■ WORK INSTRUCTIONS
In the entries below, find the string "Property" and return each line holding it.

■ ENTRIES SHOWN

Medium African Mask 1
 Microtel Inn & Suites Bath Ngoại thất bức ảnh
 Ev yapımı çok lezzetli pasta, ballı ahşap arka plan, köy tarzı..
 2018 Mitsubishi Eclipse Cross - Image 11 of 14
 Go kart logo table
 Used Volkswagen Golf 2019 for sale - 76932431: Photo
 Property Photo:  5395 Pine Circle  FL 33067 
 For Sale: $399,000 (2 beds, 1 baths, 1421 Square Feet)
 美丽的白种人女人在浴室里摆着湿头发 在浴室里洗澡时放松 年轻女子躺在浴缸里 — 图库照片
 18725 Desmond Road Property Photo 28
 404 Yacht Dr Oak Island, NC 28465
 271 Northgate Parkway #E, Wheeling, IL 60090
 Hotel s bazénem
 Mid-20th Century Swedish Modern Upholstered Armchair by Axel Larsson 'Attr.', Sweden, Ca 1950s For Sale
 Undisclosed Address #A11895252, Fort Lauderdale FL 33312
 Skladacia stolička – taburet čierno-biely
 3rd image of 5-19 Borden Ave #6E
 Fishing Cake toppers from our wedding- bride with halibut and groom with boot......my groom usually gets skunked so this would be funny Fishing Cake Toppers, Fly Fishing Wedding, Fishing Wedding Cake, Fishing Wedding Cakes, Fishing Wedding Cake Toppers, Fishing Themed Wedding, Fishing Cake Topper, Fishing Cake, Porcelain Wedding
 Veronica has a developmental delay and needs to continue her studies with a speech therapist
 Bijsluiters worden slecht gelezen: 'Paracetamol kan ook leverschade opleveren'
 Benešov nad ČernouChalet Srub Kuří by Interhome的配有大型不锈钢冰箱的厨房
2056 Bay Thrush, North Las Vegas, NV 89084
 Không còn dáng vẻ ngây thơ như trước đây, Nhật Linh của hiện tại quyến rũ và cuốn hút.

■ WRITTEN SOLUTION
 Property Photo:  5395 Pine Circle  FL 33067 
 18725 Desmond Road Property Photo 28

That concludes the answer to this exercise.